(Dataset excerpts)

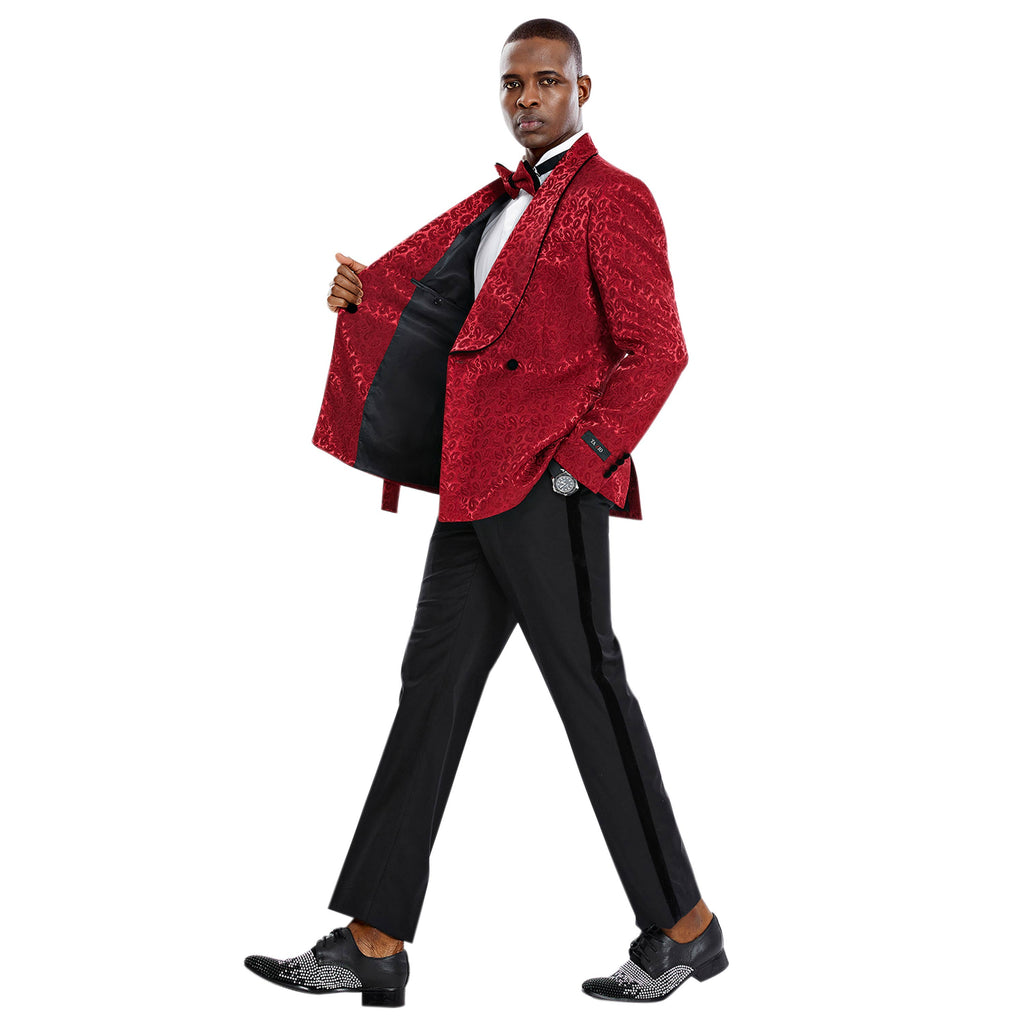 Tazzio 2pc Textured Paisley Double-Breasted Suit, Burgundy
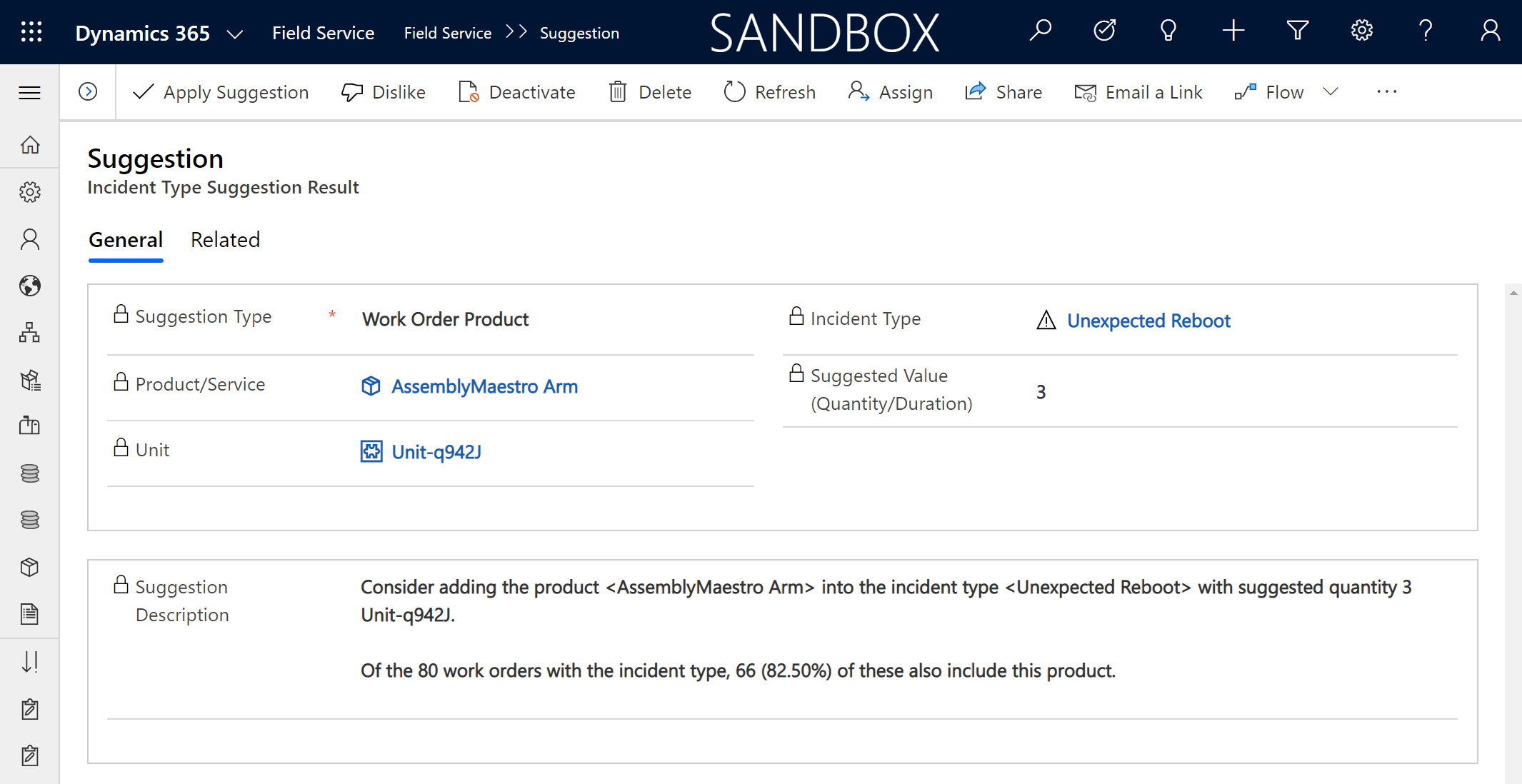 Dynamics 365 Field Service incident type suggestion showing evidence for a product recommendation
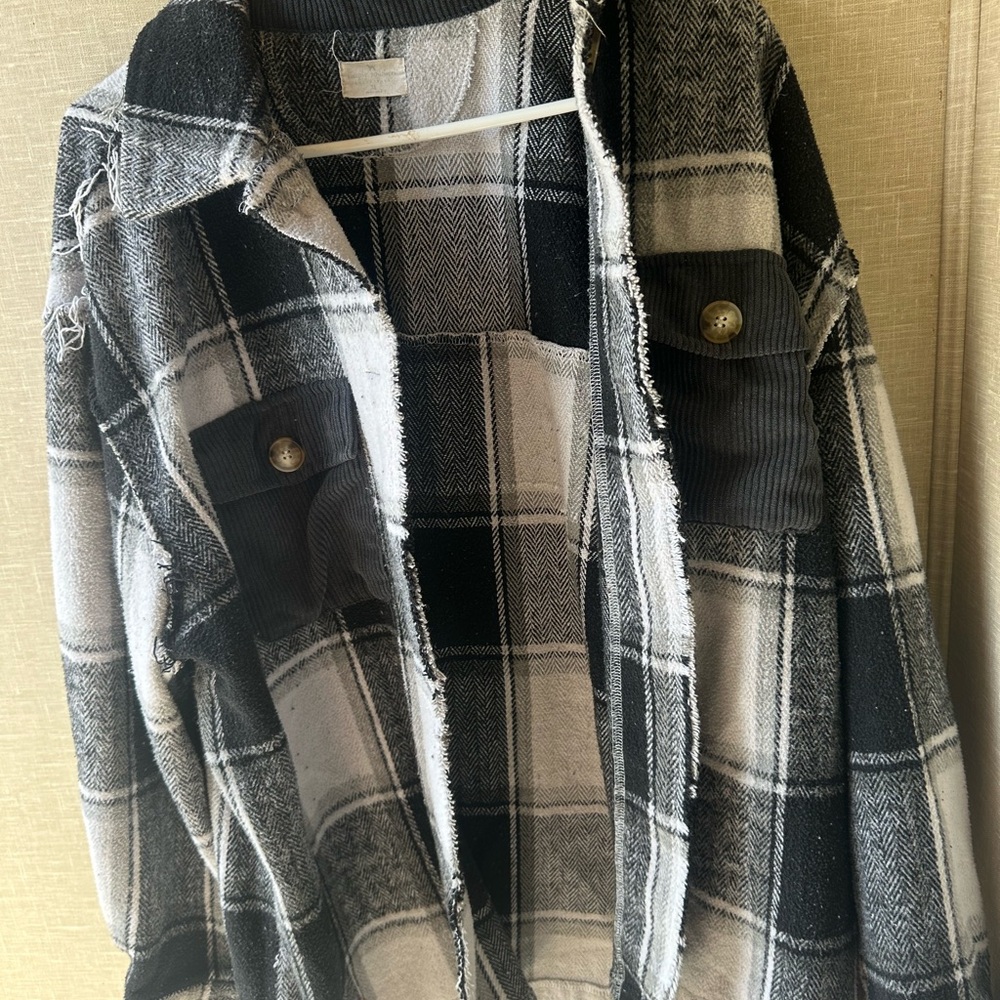 Simply Southern Plaid Black and White Jacket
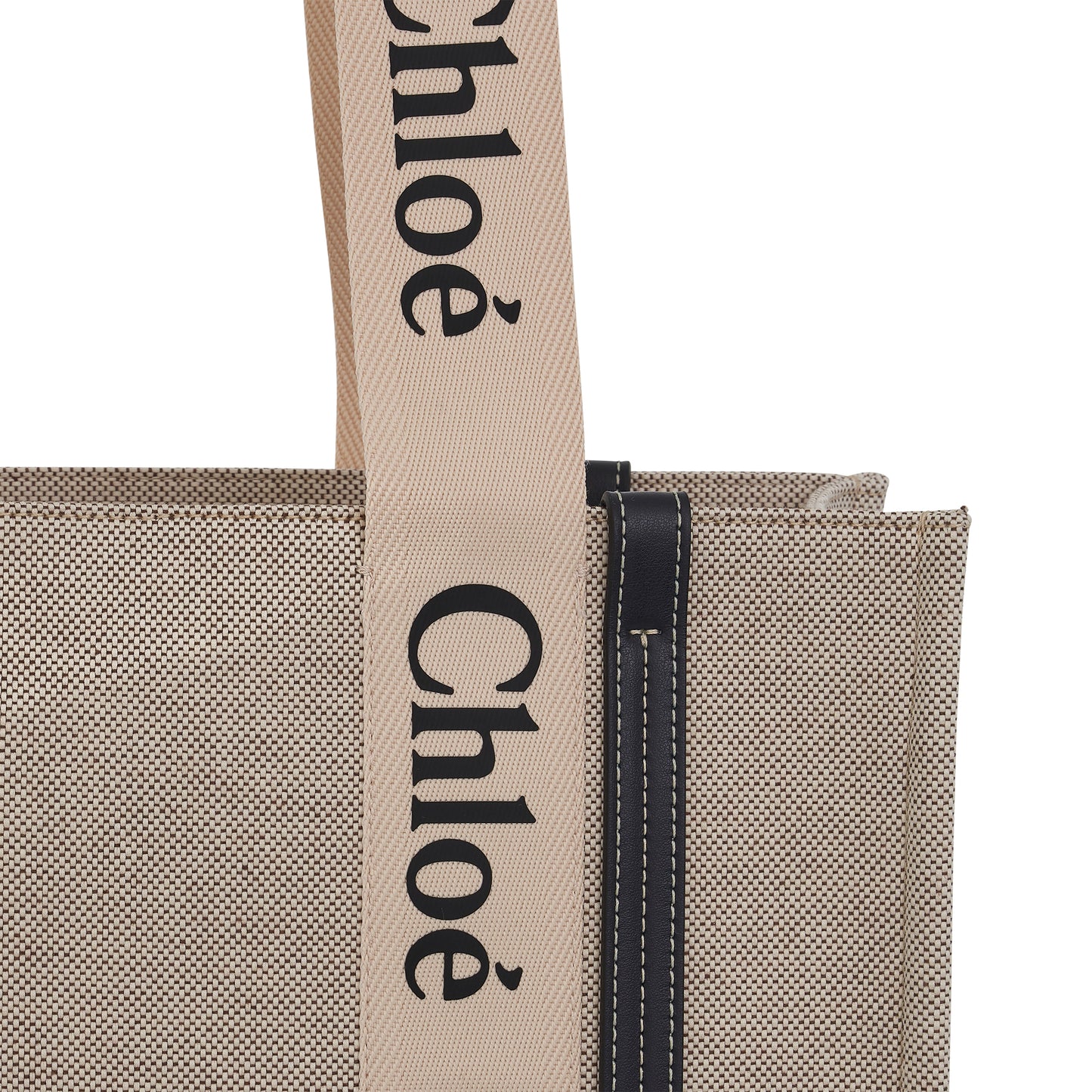 Medium Woody Tote Bag with Strap in White/Blue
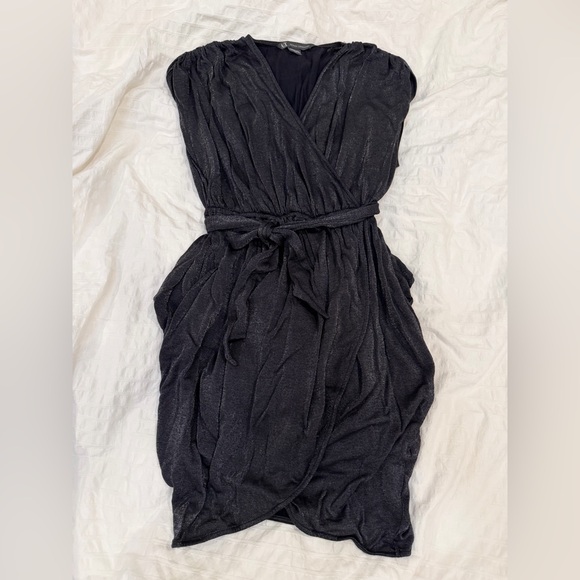 Armani Exchange Dresses & Skirts - Armani Exchange Black Metallic Draped Mini Cocktail Dress/ Size small petite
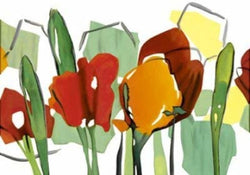 Art Print Walter Muth - Rote Blumen Trilogie II 100x70cm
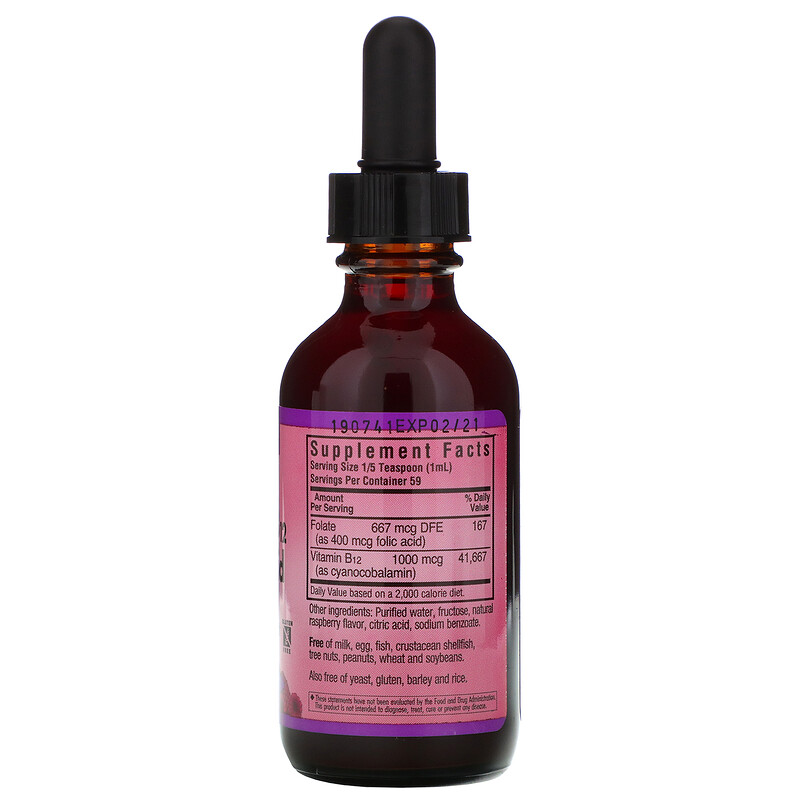 Nutrition, Liquid Vitamin B12 & Folic Acid, Natural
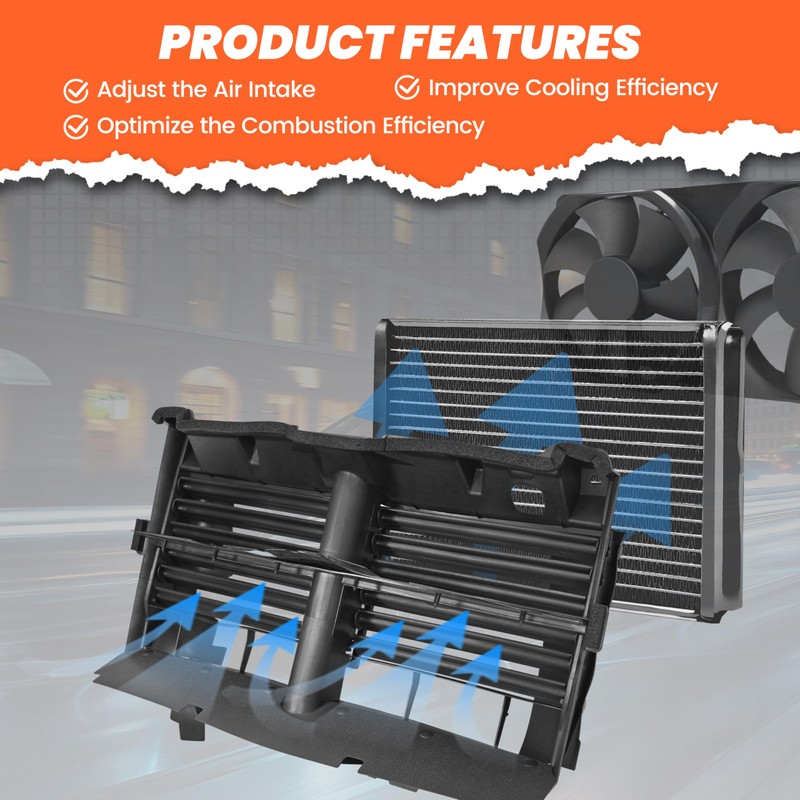 HECASA Active Grille Shutter Assembly w/o Actuator Compatible with 2013-2018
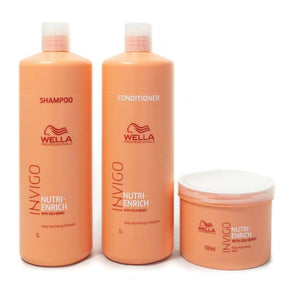Wella Professionals Invigo Enrich Shampoo 1L & Conditioner 1L & 500ml Treatment TRIO - On Line Hair Depot
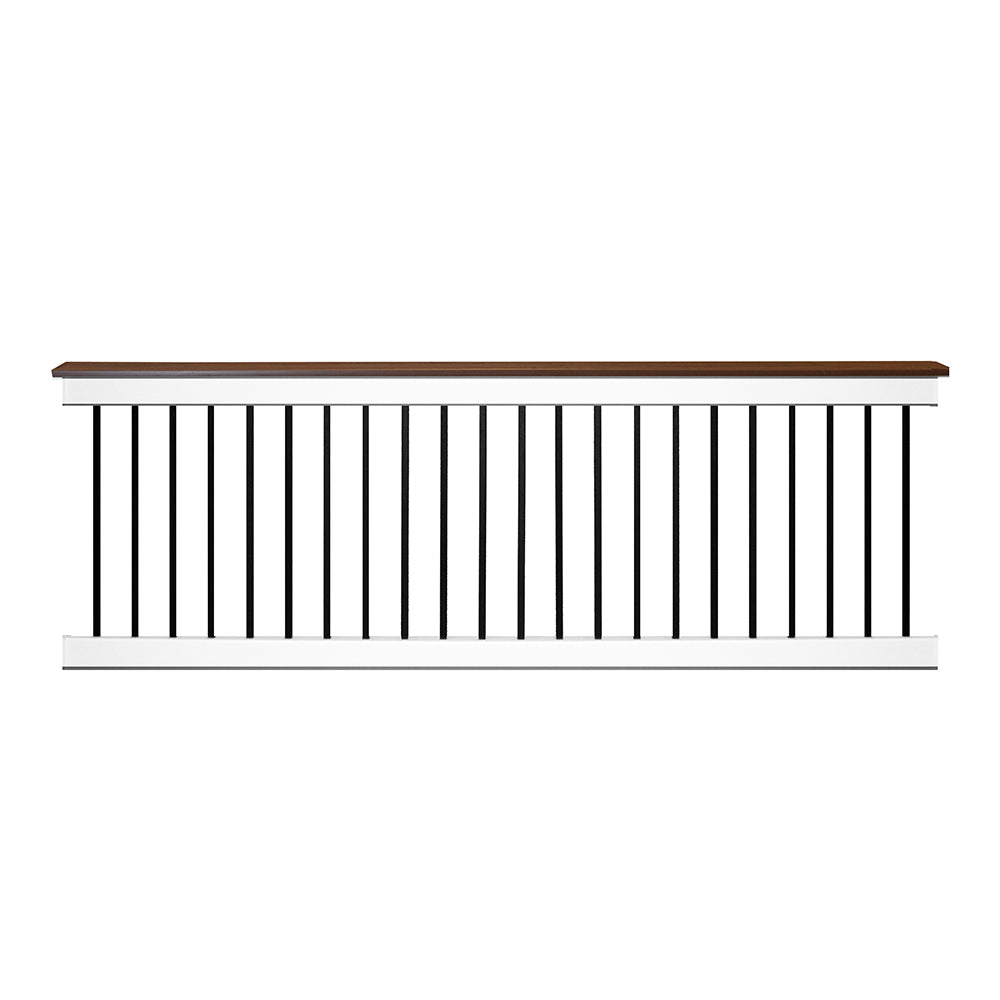 Lancaster white vinyl deck board railing stock image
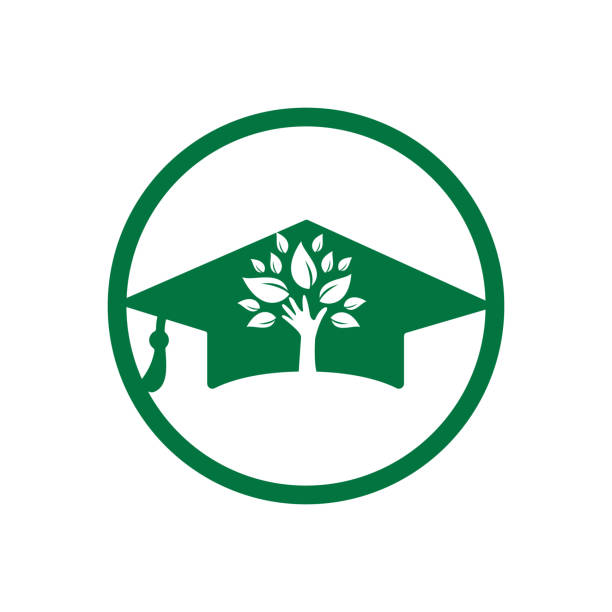 istock Education insurance and support logo concept. Graduation cap and hand tree icon logo. 1387796153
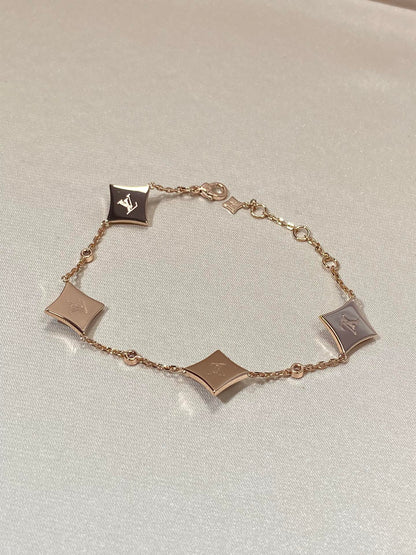 [Glow Muse]STAR 4 MOTIF MOP DIAMOND PINK GOLD BRACELET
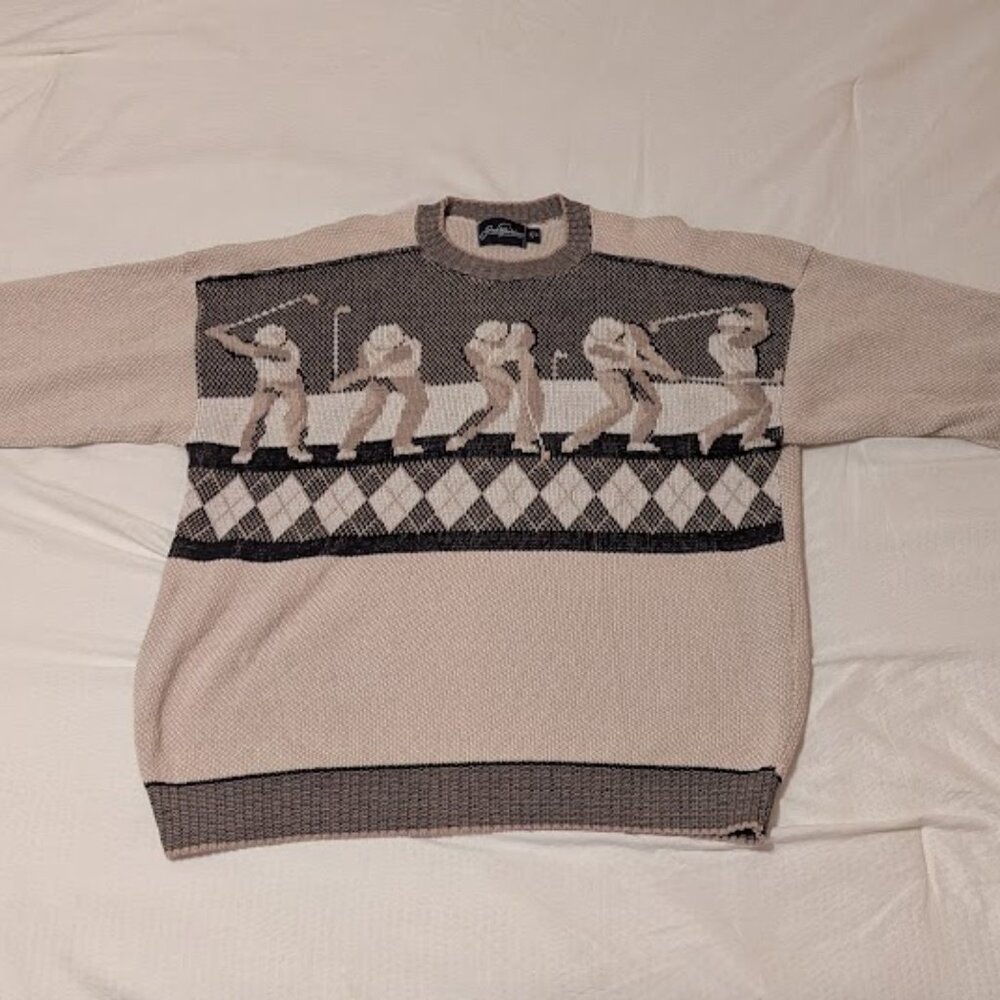 Jack Nicklaus Tan And Black Cotton Golf Sweater Men’s Size Medium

(End Dataset excerpts)

*Try it*:
Please copy out the material above exactly, with the images removed.

*Written answer*:
 Tazzio 2pc Textured Paisley Double-Breasted Suit, Burgundy
 Dynamics 365 Field Service incident type suggestion showing evidence for a product recommendation
 Simply Southern Plaid Black and White Jacket
 Medium Woody Tote Bag with Strap in White/Blue
 Armani Exchange Dresses & Skirts - Armani Exchange Black Metallic Draped Mini Cocktail Dress/ Size small petite
 Art Print Walter Muth - Rote Blumen Trilogie II 100x70cm
 Nutrition, Liquid Vitamin B12 & Folic Acid, Natural
 HECASA Active Grille Shutter Assembly w/o Actuator Compatible with 2013-2018
Wella Professionals Invigo Enrich Shampoo 1L & Conditioner 1L & 500ml Treatment TRIO - On Line Hair Depot
 Lancaster white vinyl deck board railing stock image
 istock Education insurance and support logo concept. Graduation cap and hand tree icon logo. 1387796153
 [Glow Muse]STAR 4 MOTIF MOP DIAMOND PINK GOLD BRACELET
 Jack Nicklaus Tan And Black Cotton Golf Sweater Men’s Size Medium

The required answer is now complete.